Saab files for bankruptcy protection

  • Company seeks to protect itself from creditors
  • Owner General Motors still wants to sell it
  • Swedish Government attacks GM's approach
Car maker Saab has filed for bankruptcy protection.

The company is owned by embattled US car giant General Motors, and is seeking to safeguard its assets from creditors while it undergoes restructuring.

GM has been trying to sell Saab for some time, and it is hoped the bankruptcy protection proceedings will help the process by giving it time to reorganise its structure.

'We explored and will continue to explore all available options for funding and/or selling Saab,' Jan-Ake Jonsson, the managing director, said.

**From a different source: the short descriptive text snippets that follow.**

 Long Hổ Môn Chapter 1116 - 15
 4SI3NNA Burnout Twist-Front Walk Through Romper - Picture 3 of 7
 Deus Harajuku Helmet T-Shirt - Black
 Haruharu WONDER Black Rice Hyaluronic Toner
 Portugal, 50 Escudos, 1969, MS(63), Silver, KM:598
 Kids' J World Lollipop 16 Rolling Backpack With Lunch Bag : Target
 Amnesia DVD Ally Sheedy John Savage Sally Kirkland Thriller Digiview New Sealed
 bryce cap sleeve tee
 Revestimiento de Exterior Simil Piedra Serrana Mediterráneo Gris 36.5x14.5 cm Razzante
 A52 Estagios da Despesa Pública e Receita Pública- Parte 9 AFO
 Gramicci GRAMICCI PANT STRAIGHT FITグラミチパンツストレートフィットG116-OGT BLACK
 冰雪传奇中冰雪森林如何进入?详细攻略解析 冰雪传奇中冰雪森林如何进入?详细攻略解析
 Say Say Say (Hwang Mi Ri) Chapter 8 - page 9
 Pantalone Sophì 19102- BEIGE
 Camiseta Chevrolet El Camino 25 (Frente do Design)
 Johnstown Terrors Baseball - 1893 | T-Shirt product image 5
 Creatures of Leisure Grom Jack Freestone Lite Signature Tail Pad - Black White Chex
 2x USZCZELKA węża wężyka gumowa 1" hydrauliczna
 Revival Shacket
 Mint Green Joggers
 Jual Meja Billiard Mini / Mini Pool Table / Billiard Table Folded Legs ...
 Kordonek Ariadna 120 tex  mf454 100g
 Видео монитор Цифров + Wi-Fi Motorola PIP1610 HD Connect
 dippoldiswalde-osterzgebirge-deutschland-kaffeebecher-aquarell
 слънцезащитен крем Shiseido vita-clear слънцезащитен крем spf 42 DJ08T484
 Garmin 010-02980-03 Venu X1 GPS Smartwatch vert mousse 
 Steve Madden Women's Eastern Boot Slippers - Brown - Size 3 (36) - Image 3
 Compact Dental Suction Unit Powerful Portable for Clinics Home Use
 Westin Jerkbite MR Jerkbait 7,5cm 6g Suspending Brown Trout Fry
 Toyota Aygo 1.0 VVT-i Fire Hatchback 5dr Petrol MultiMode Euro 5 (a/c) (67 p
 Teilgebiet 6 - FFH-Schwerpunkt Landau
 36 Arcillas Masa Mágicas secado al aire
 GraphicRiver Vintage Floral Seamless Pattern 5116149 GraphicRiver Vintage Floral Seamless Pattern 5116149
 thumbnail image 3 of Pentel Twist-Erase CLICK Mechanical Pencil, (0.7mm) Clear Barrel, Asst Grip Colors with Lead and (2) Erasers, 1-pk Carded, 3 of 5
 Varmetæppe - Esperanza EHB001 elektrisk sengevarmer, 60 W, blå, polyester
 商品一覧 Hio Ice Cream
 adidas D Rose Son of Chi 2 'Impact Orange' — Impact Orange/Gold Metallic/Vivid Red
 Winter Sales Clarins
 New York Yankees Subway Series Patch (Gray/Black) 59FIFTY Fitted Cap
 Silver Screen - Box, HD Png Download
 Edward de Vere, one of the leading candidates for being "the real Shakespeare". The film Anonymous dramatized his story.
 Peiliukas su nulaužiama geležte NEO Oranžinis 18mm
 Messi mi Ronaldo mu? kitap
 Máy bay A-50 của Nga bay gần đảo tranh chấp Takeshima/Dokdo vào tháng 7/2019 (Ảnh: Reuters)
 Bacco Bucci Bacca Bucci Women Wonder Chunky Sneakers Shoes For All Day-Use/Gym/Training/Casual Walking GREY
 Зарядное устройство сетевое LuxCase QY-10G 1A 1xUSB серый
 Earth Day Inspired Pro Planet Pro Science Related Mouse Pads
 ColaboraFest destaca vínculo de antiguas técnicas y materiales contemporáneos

'It was determined a formal reorganisation would be the best way to create a truly independent entity that is ready for investment.'

Saab said that it would seek funding for the company from both public and private sources during the reorganisation process.

Yesterday it was reported that General Motors was prepared to pump $400 million (£280 million) into Saab to help Saab become profitable if the Swedish Government agreed to match its stake.

However, on Wednesday the Swedish Government ruled out owning car makers or their factories - accusing GM of shirking its responsibility as an owner.

'The Swedish state is not prepared to own car factories,' Maud Olofsson, the enterprise minister, said. 'We are very disappointed in General Motors. We are not prepared to risk taxpayers' money; this is not a game of Monopoly.'

Saab employs 4100 workers in Sweden, with another 10,000 jobs linked to sub-contractors, making it an industrial powerhouse in a country with a population of 9 million people.